23.2 The Broker shall be entitled to assume, without further investigation or enquiry, that any Communication which on the face of it appears to have been forwarded by either the Client or its agent, has in fact been sent by either the Client or its agent, as the case may be. The facsimile copy of any Communication shall have the same force as the original.
23.3 The Client confirms and agrees that the information contained in the “Client Information Form” or otherwise supplied by or on behalf of the Client to the Broker in connection with the opening an account is complete, true and correct and will inform the Broker of any material changes to such information as soon as possible. The Broker is entitled to rely on such information until written notice from the Client of any changes therein has been received.
23.4 The Broker will notify the Client of any material changes: (i) the name and address of the business of the Broker; (ii) the licensing status of the Broker with the SFC and the Broker’s CE number; (iii) the description of the nature of services provided by the Broker; (iv) the description of the remuneration payable to the Broker and the basis for such payment; (v) the details of margin requirements, interest charges, margin calls, and the circumstances under which the Client’s position may be closed without the Client’s consent.
24. Translation 翻译
This Agreement may be translated into any other language but, in the event of any conflict, the English version shall apply and prevail.
25. Payment to Client 予客户的付款
The Broker is authorized and entitled to credit any payment due to the Client pursuant to this Agreement:
i) to the Account; 记帐入账户;
ii) by sending a cheque made out to the Client for such payment by mail at the risk of the Client to the Client's last known address; and/or
iii) by depositing a cheque into or transferring payment to, a bank account and/or payee specified in the Client Information Form by the Client (subject to changes duly notified in writing to the Broker).
and by so doing the Broker shall be fully discharged from its obligations to make any payment to the Client.

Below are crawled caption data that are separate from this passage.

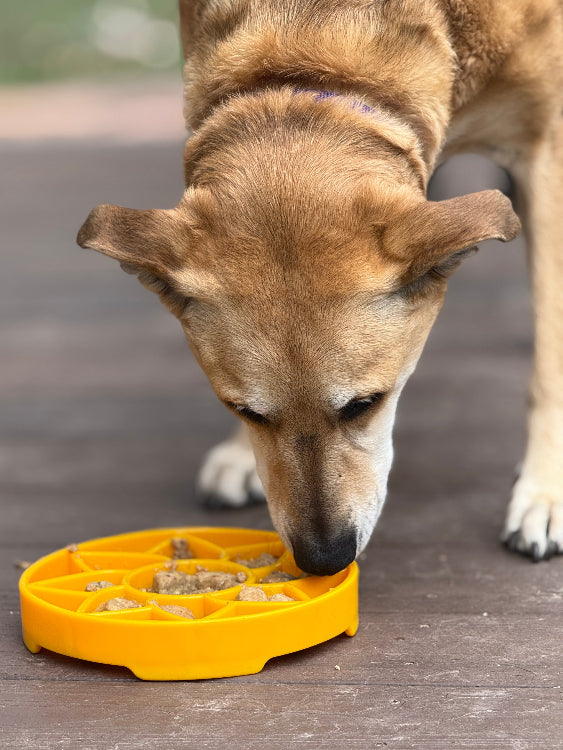 SodaPup Sunflower eTray – Shallow Slow Feeder – alternate view 8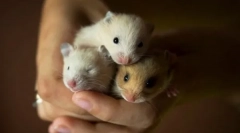 Расини на хрчак, видови домаќинства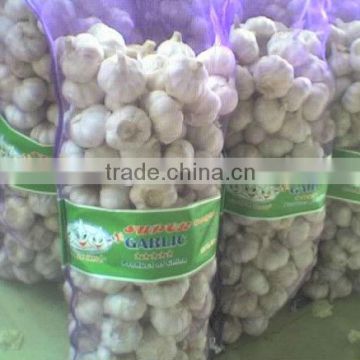 White Garlic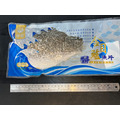 金目鱸魚清肉片 300-400g_1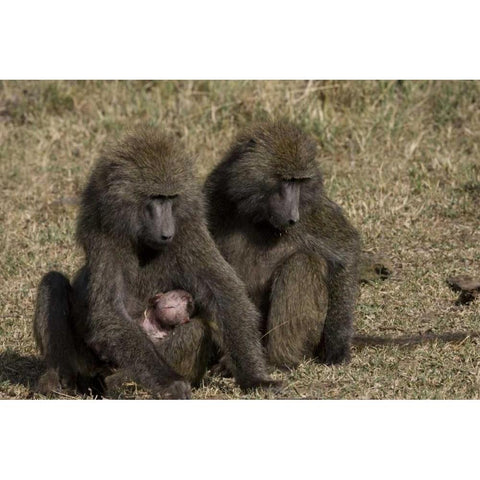 Kenya Mother baboon with newborn baby Black Modern Wood Framed Art Print by Williams, Joanne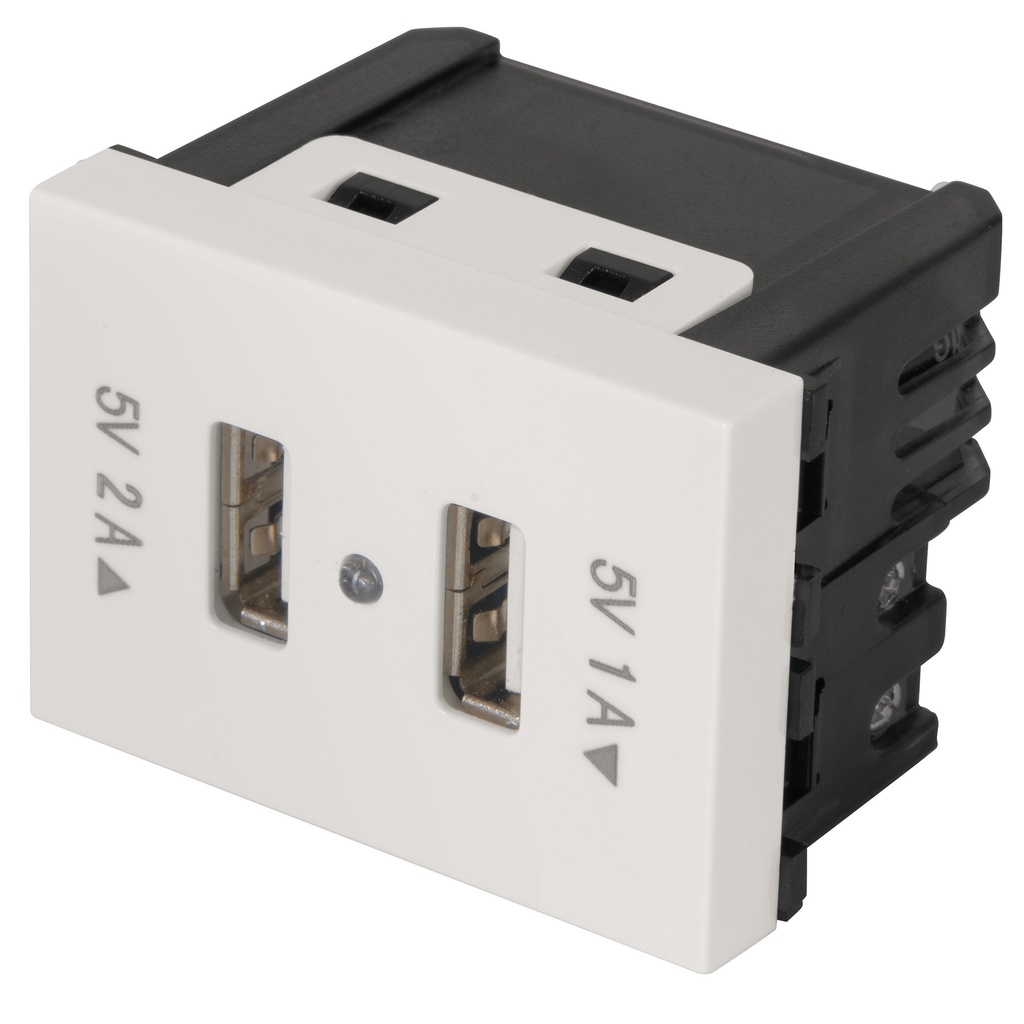 Toma con 2 puertos USB, 1.5 módulos, línea Española, blanco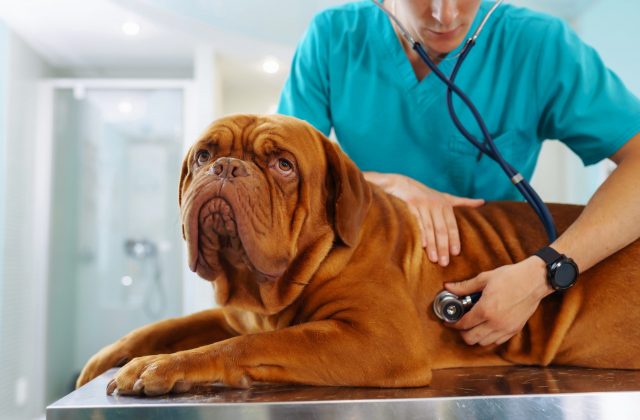 Mastiff at vet checkup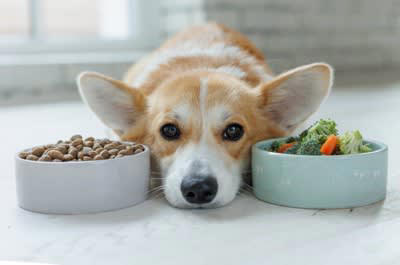 犬が食べると『消化不良』引き起こすモノ５選 意外と知られていない食べ物や誤食した場合の応急処置まで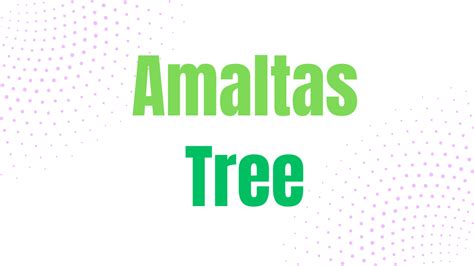 Amaltas Tree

26. Governing Law, Jurisdiction and Service of Legal Documents
26.1 This Agreement and all rights, obligations and liabilities arising shall be governed by and construed in accordance with the laws of Hong Kong.
26.2 The Client submits to the non-exclusive jurisdiction of the courts of Hong Kong in relation to all matters arising out of or in connection with this Agreement.
26.3 Without prejudice to Clause 26.2, if any dispute of any kind whatsoever shall arise between the parties to this Agreement then the Broker may, instead of court proceedings, require such dispute to be referred to arbitration in accordance with the provisions of the Arbitration Ordinance (Chapter 341) or any statutory modifications thereof then in force and any such reference shall be a submission to domestic arbitration within the meaning of the Arbitration Ordinance.
26.4 Without prejudice to Clause 23 above, any documents (including but not limited to writs, summonses, orders, pleadings, petitions and demands) may be served on the Client by leaving at or posting such documents to the last known address of the Client - such service is agreed to be valid service on the Client, whether or not the document(s) concerned is actually received by the Client or comes to the Client’s notice, and the time of service will be the time at which the document(s) is left at the said address or in the case of service by post, 48 hours after posting to that address irrespective of whether the Client’s address is in Hong Kong or not.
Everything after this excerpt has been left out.